Throwing too much money into marketing is not only wasteful, it’s wrongheaded. The reason your restaurant is successful is because it’s a good business, and all that marketing does is make that success easier. You should be able to get your marketing message out on a 6% budget, although you might temporarily spend more for a short-term public relation campaign.

In all cases, it’s vital to measure your marketing return on investment (ROI), that is, the profit contribution of your marketing budget divided by marketing spending. The formula for marketing ROI is:

Marketing ROI = [Incremental Revenue Attributable to Marketing * Contribution Margin – Marketing Spending] / Marketing Spending

For example, suppose your restaurant undertakes an advertising campaign with a budget of $10,000 and shortly thereafter notices an increase in revenue of $50,000. This creates an ROI factor of 5.0. Now suppose the contribution margin (i.e. the  price of meal minus all associated variable costs for the meal) is 60% — that’s the incremental profit earned by each meal served, on average. Given the 60% incremental contribution and the $50,000 increment of increased revenue, we figure the margin ROI to be 0.60 x $50,000, or $30,000. Now subtract the marketing spending of $10,000 and divide the result by the same $10,000:

Marketing ROI = [$50,000 * 60% – $10,000] / $10,000 = 2,

This shows that every dollar spent on the advertising campaign generates $2 to net profits. In other words, it’s a good deal. If you spent appreciably more the $10,000 on marketing, your ROI would decline, making the investment less efficient.

Perhaps this sounds a little fancy for your restaurant, but it’s a good way to make sure you aren’t wasting your budget on inefficient marketing.

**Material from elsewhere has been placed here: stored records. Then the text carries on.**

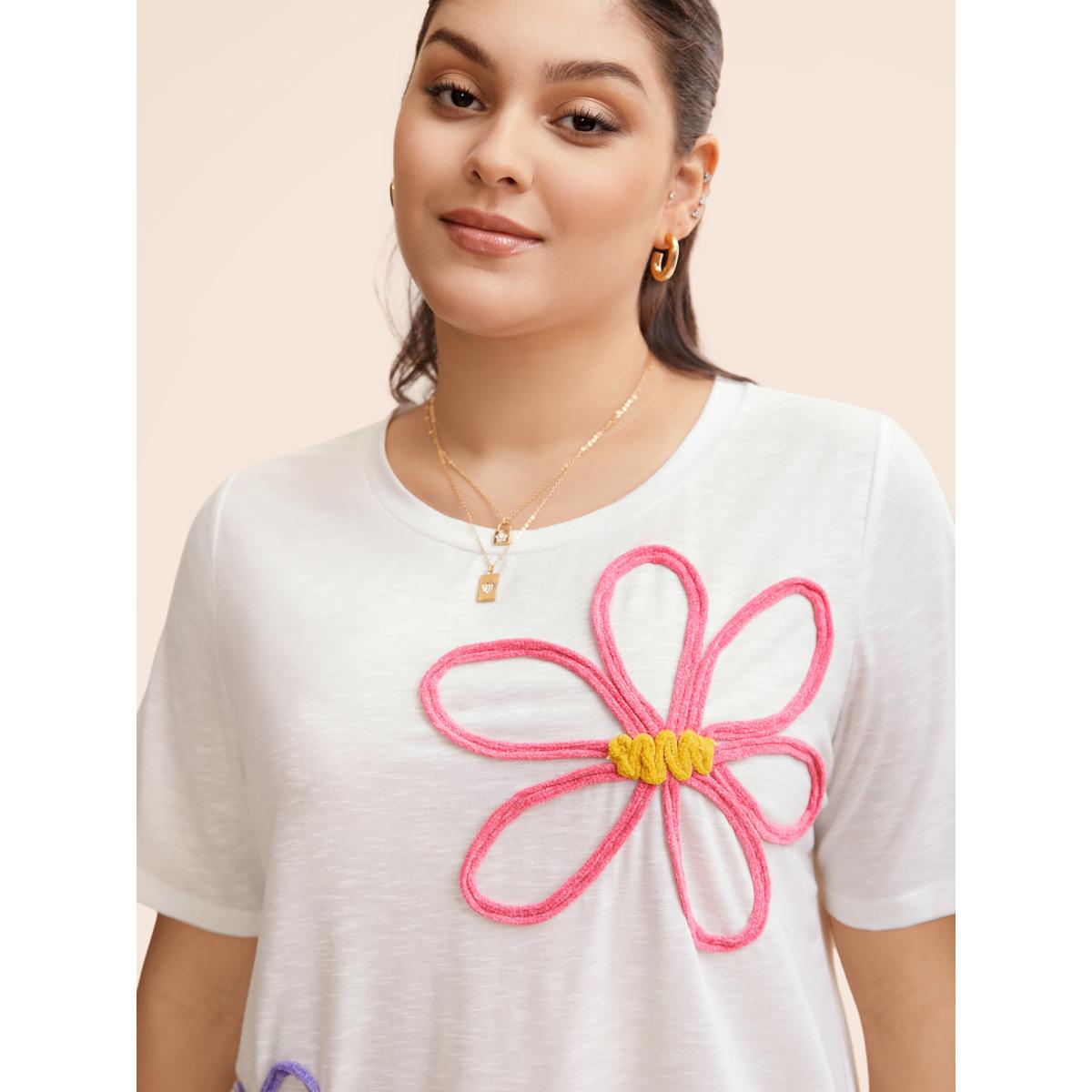 Plus Size Bamboo Textured Floral Embroided T-shirt Originalwhite Women Casual Contrast Natural Flowers Round Neck Everyday T-shirts BloomChic 12/L Product Image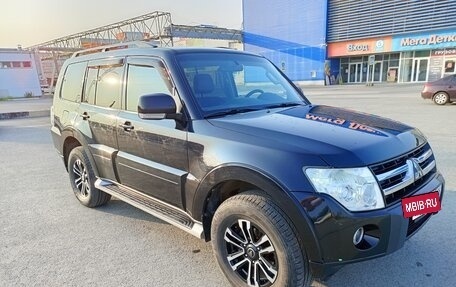 Mitsubishi Pajero IV, 2011 год, 1 975 000 рублей, 2 фотография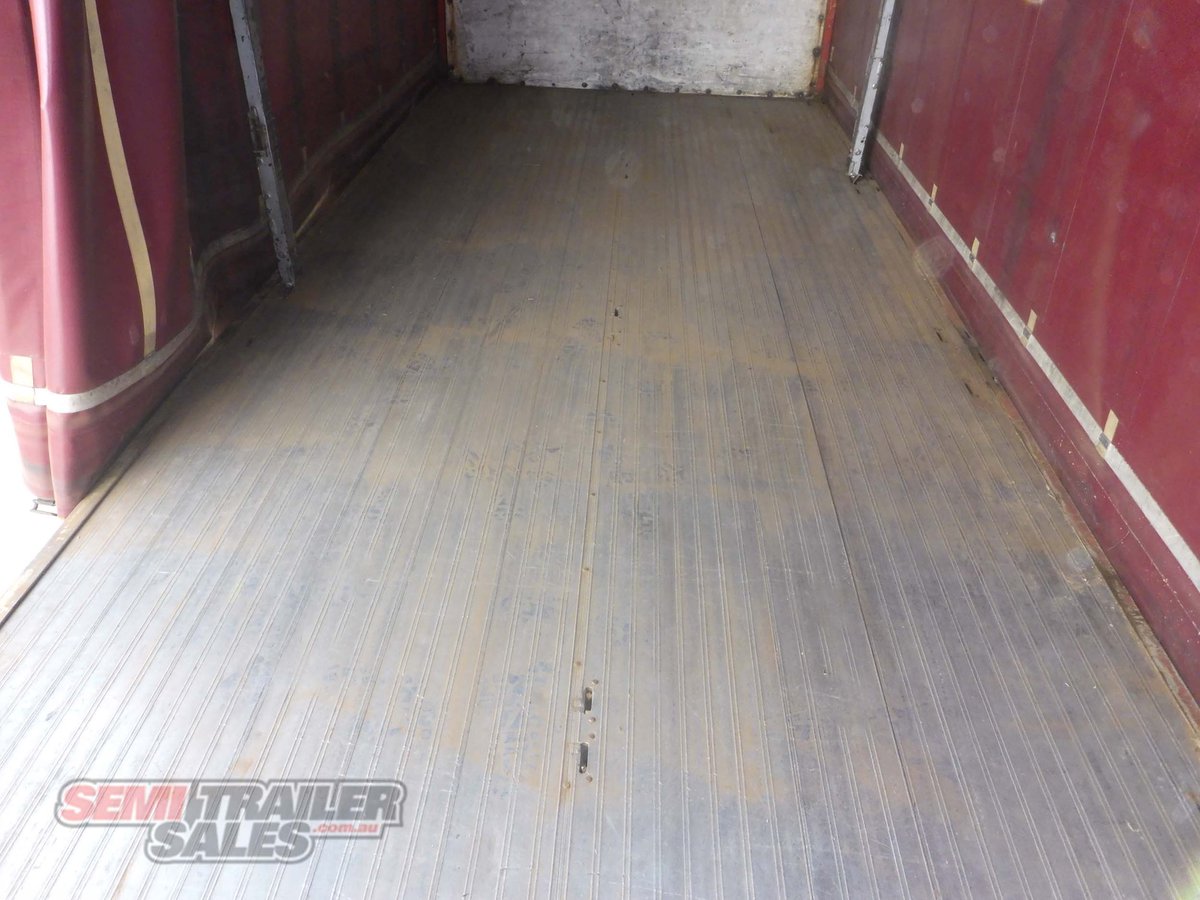BARKER CURTAINSIDER TRAILER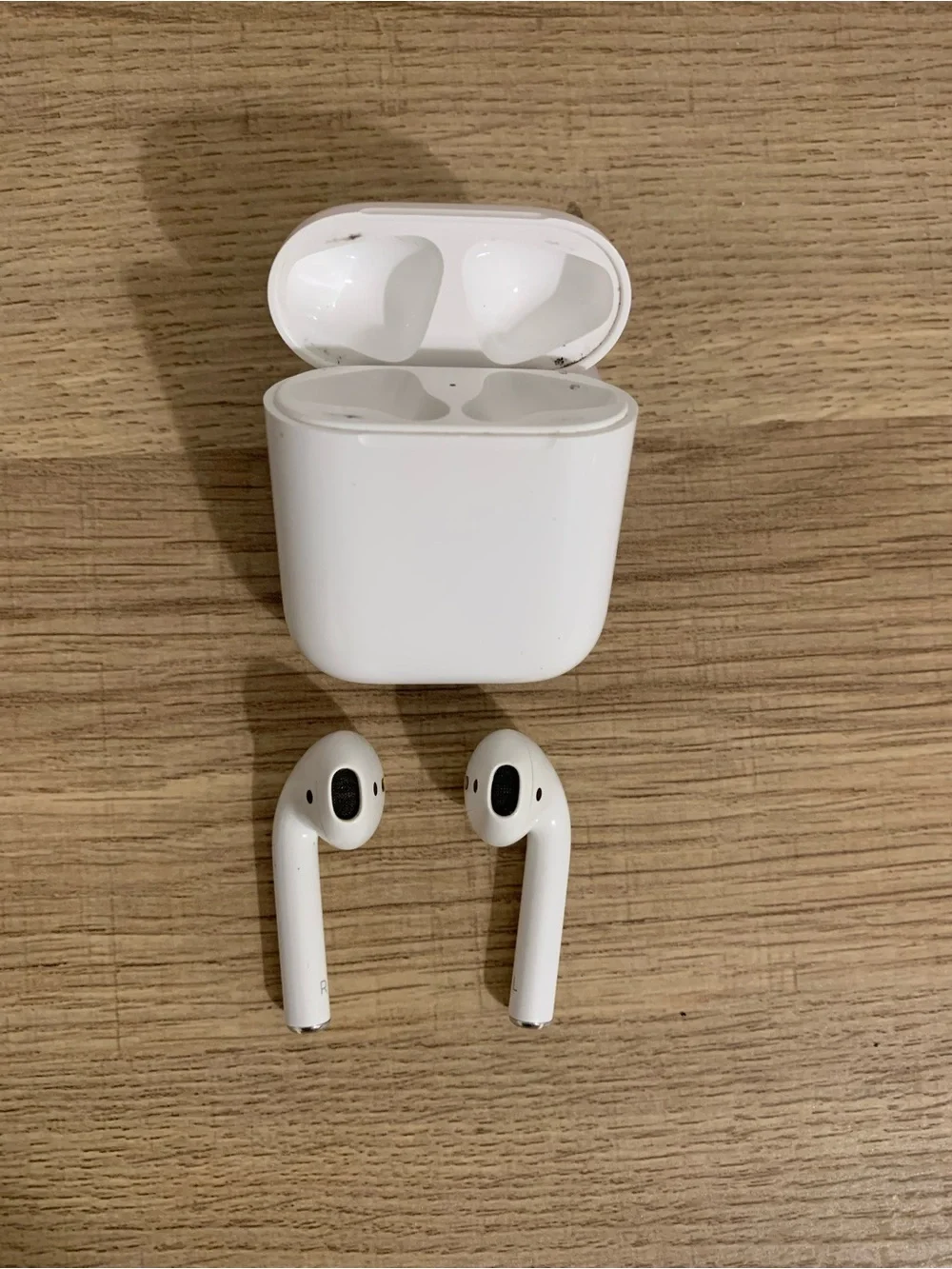 AirPods 2nd Generation with Charging Case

Other factors to consider when budgeting your marketing efforts include:

  • Spending less during the offseason and more during the busy season. There is no use investing heavily in marketing during months when all your customers are at the beach or the ski slopes.
  • Thinking imaginatively about promoting your restaurant through ads, websites, emails, signage, social media, brand awareness, and interesting web content.
  • Don’t let a sudden cash crunch stifle your marketing budget. Remember, IOU Financial is all about shoring up your working capital quickly and affordably. You can apply a loan from us to keep your marketing program chugging along on all cylinders as you work through your cash problems. Remember, those problems will only get worse if your customer volume dries up.

By committing to your marketing budget and continually measuring its effectiveness, you can ensure that you spend the optimal amount promoting your great restaurant. Bon appétit!